The history of The Railroad, as we most commonly know it, began on the South Carolina Railroad in 1830. A small locomotive, The Best Friend, began the first regularly scheduled service in the United States. Less than a year later, it’s boiler exploded, and service was discontinued until a new locomotive, The West Point, was delivered.
From that meager beginning in rural South Carolina the railroad, more than anything else, allowed this country to move into a the great unsettled West by providing dependable transportation for people and freight.
In 1859, George Mortimer Pullman converted a wooden day coach into the first sleeping car, complete with linen closets, washrooms, and upper berths. Today, this car with its wood burning stove for heat. And its bumpy ride would look very crude, but in that day it was the first glimpse at elegant travel.
By 1890, The Pullman Palace Car Company had a virtual monopoly on the sleeping car business in the United States. The Company built, staffed, and operated cars similar to the One at The Station Dinner theatre on all major railroads. During this time, travel by rail was both elegant and exciting. Unfortunately, this period of leisurely travel on beautiful trains ended with the coming of high-speed air travel in the 1950’s.

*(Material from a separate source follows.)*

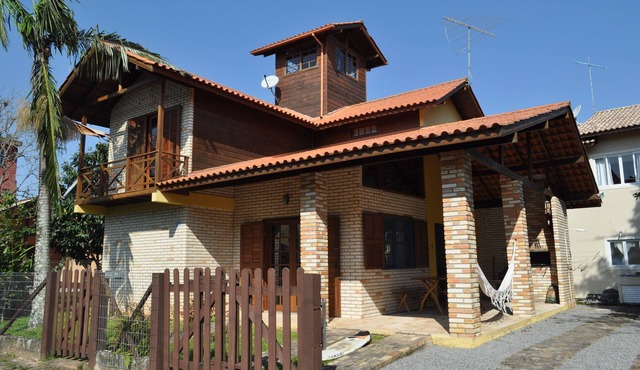 Beach house with en-suite bathroom, air conditioning, Sky TV, barbecue, and great location.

In 1967 a group of Erie Businessmen decided to build a restaurant, which would recapture the spirit of this bygone era. After two years of planning and a year-and-a-half of construction, the result was the Station Restaurant. Rich Victorian furnishings, elegant table settings, hearty food, and a Pullman Sleeping Car have been coordinated to recreate a busy small town railroad station of the 1890’s.

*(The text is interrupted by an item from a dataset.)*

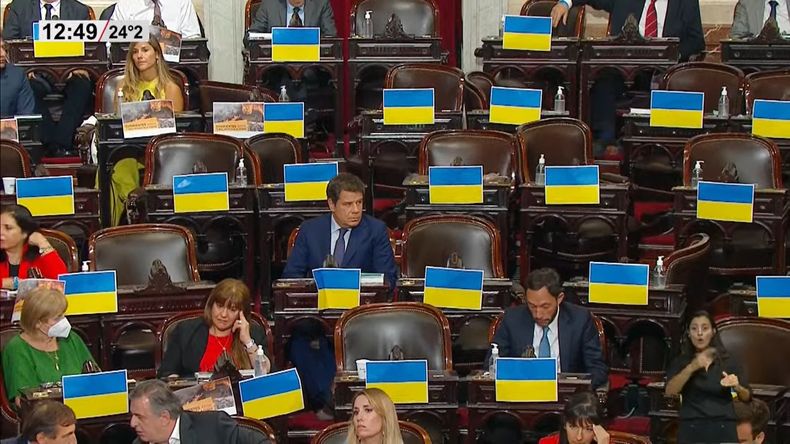 apertura-sesiones-oposicion-manes-ferrarojpg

The Pullman Company built the sleeping car, named the St. Helier, in 1922. The car operated out of the Chicago General Service Pool until its retirement in 1968. During its restoration in 1970, all original seats, windows, light fixtures, mirrors, brass fittings, and call buttons were refurbished and retained, while the general décor was changed to reflect the turn of the century.
In 2003, The Station Restaurant was the converted into a Dinner Theatre by Paul and Rae Jean Urbanowicz. The main dining room was expanded and remodeled to provide tiered seating. A stage was built, and lighting and sound system installed to provide the best possible sound and atmosphere for our patrons. In it’s entirety, The Station Dinner Theatre represents a nostalgic step backward into an era of charm and beauty that has long since disappeared.
The Station Dinner Theatre operates year-round and is the home of the original “A Canterbury Feast”, the longest running medieval dinner theatre in the United States. Along with it’s many original themed musical comedies, the Station Season also includes a variety of comedies, farces and musical reviews combined with Chef Bob Stewart’s delicious cuisine add up to the region’s most unique and entertaining dining experience.